## What the task asks
Bring together copies of the lines in the data below that contain the word "Beach".

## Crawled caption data
=====
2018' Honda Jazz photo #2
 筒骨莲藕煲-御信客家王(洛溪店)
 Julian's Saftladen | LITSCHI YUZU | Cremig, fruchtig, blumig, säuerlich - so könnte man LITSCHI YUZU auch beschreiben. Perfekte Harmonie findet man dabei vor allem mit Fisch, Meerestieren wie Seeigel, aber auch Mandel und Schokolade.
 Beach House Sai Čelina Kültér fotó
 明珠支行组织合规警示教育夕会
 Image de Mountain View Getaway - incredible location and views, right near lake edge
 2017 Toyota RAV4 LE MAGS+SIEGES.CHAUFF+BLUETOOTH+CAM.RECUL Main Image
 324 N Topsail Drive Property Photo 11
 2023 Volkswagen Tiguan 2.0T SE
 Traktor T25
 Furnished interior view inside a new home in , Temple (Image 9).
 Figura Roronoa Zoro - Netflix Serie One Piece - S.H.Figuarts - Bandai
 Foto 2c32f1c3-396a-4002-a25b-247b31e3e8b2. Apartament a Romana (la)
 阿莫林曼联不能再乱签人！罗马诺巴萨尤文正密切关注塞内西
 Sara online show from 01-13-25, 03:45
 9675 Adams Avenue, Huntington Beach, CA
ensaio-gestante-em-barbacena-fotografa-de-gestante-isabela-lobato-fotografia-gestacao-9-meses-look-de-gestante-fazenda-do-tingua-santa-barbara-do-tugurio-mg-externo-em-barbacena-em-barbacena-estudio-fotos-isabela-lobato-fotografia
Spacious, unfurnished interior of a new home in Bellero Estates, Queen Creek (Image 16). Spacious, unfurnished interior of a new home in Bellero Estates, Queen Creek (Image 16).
=====
## Solution
 Beach House Sai Čelina Kültér fotó
 9675 Adams Avenue, Huntington Beach, CA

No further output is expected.